About this exercise: Take the entries below and reproduce exactly the portion that begins at the line containing "Title details for" and ends at the line containing "Volkswagen Passat 2.0L 4 2010", keeping both ends, dropping pictures, and adding nothing else.

Material to process:
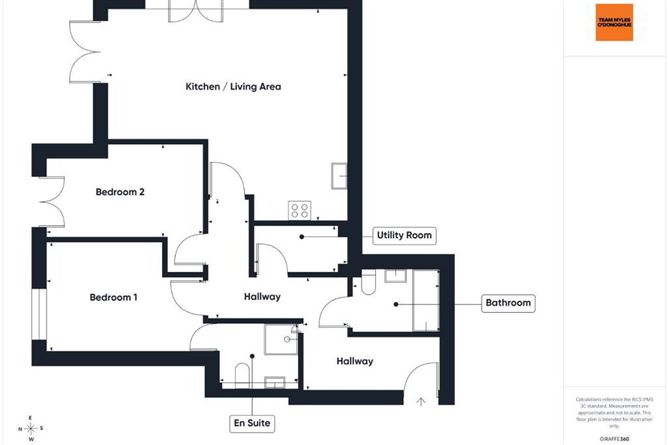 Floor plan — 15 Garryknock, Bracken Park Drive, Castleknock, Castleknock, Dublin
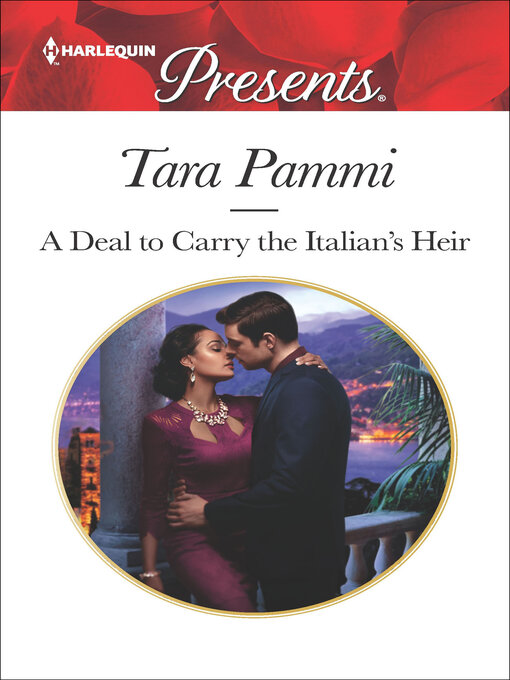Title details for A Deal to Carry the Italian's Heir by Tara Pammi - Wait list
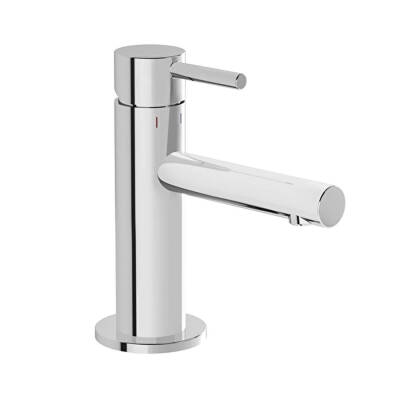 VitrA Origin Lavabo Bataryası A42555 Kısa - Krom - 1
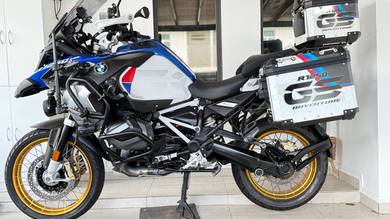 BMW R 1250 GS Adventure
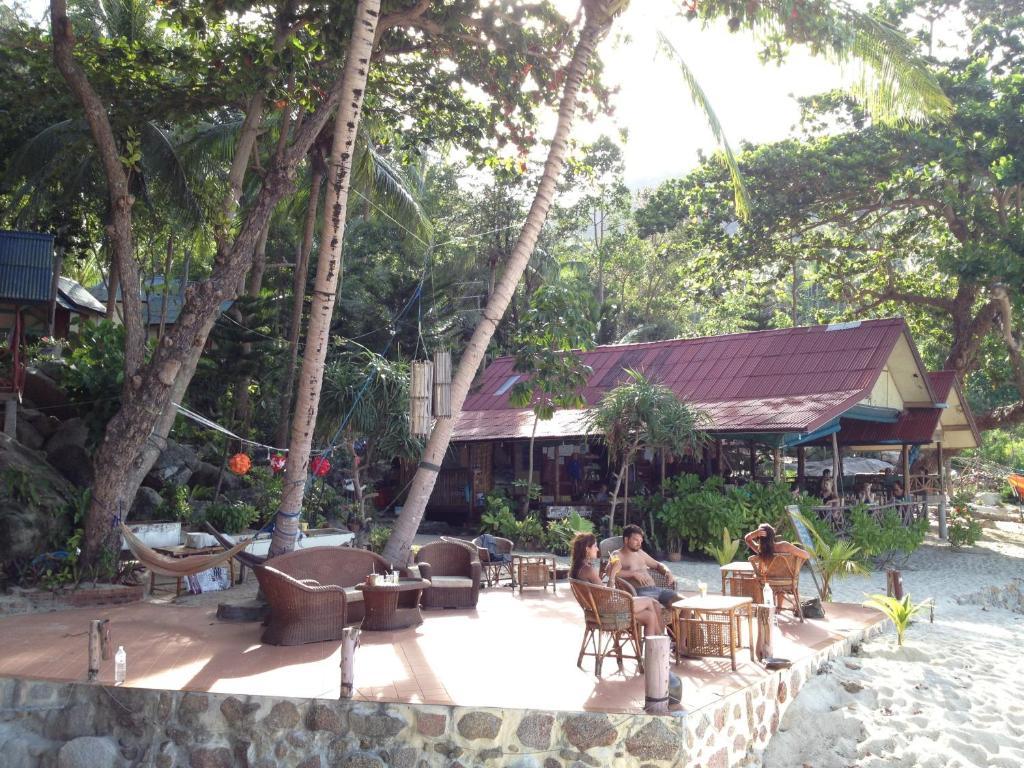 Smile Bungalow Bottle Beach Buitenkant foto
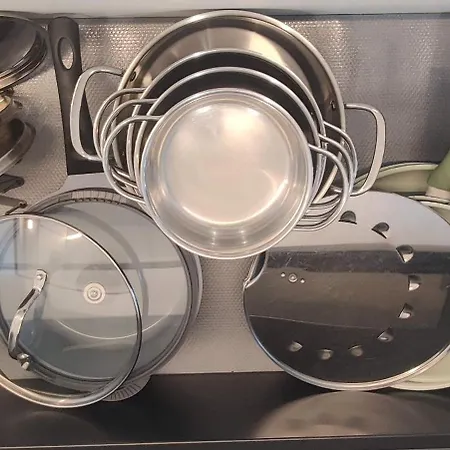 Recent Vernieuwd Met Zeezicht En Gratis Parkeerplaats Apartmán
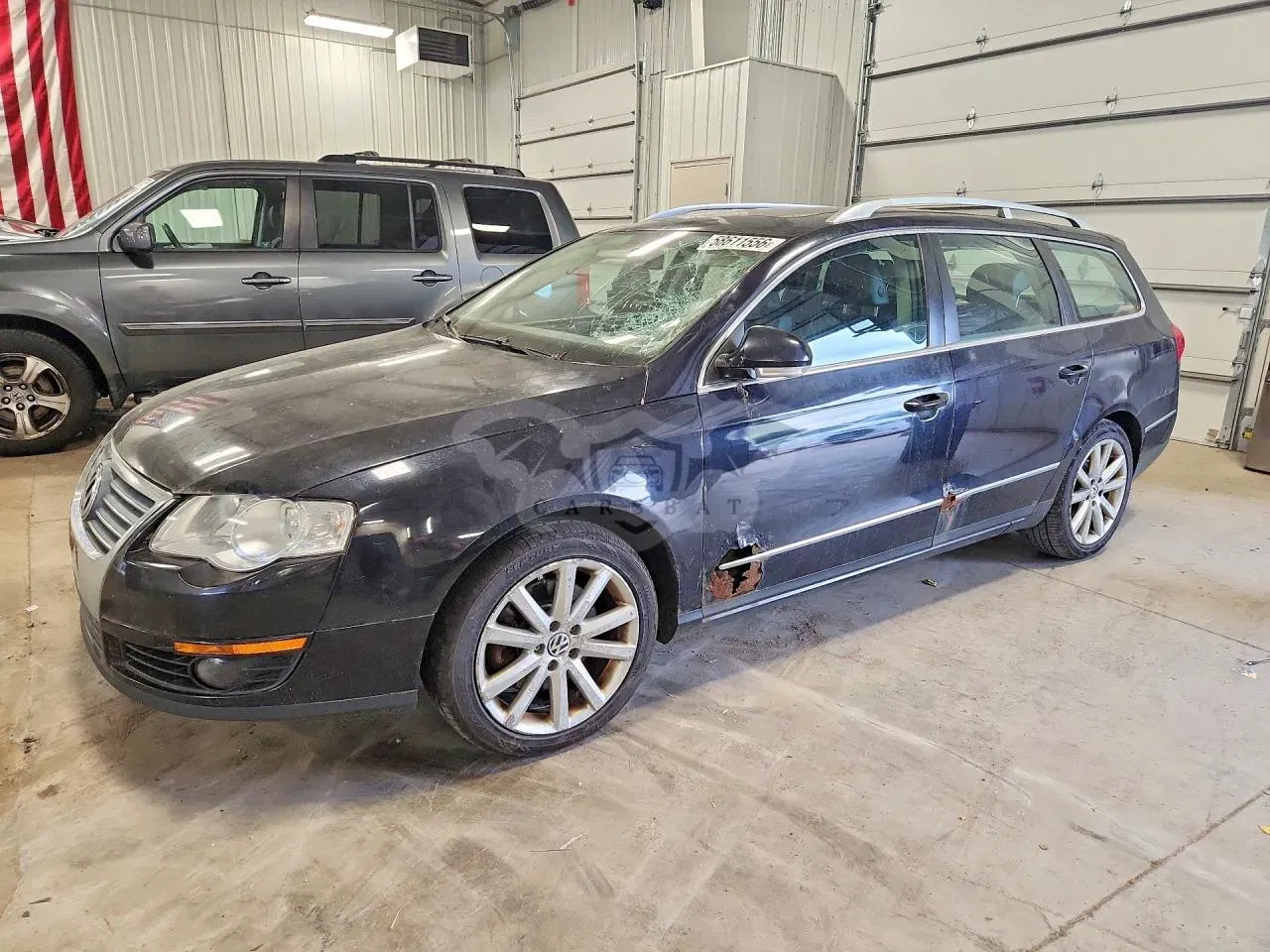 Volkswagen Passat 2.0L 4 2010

--

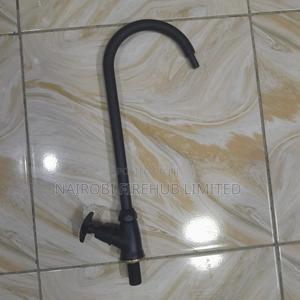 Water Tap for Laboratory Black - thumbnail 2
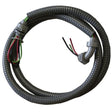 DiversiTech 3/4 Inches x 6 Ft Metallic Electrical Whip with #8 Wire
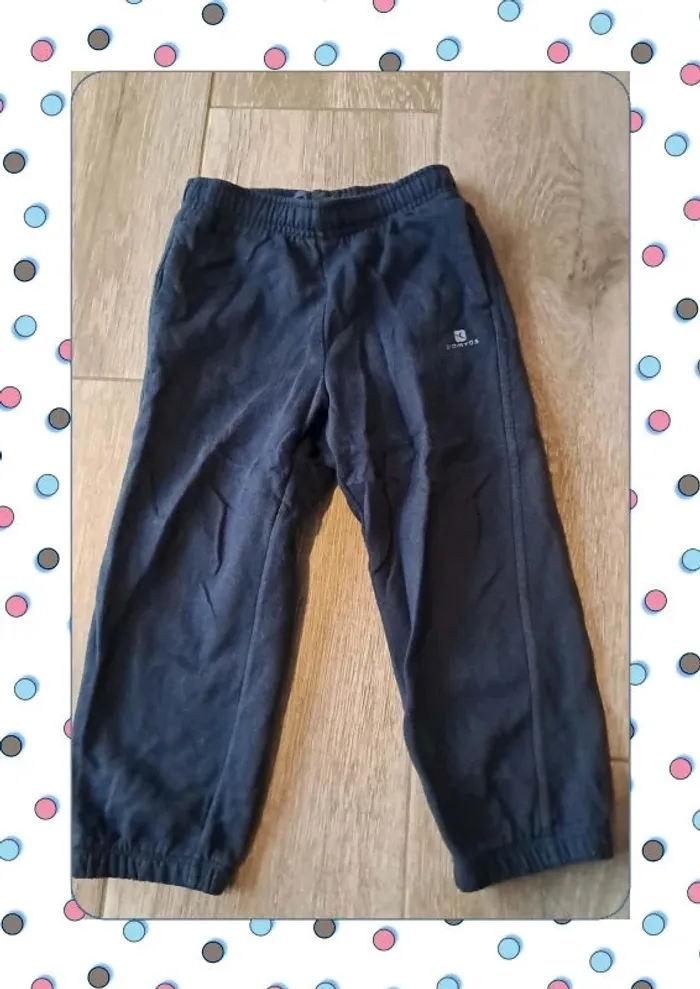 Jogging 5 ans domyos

Result for this exercise:
Title details for A Deal to Carry the Italian's Heir by Tara Pammi - Wait list
 VitrA Origin Lavabo Bataryası A42555 Kısa - Krom - 1
 BMW R 1250 GS Adventure
 Smile Bungalow Bottle Beach Buitenkant foto
 Recent Vernieuwd Met Zeezicht En Gratis Parkeerplaats Apartmán
 Volkswagen Passat 2.0L 4 2010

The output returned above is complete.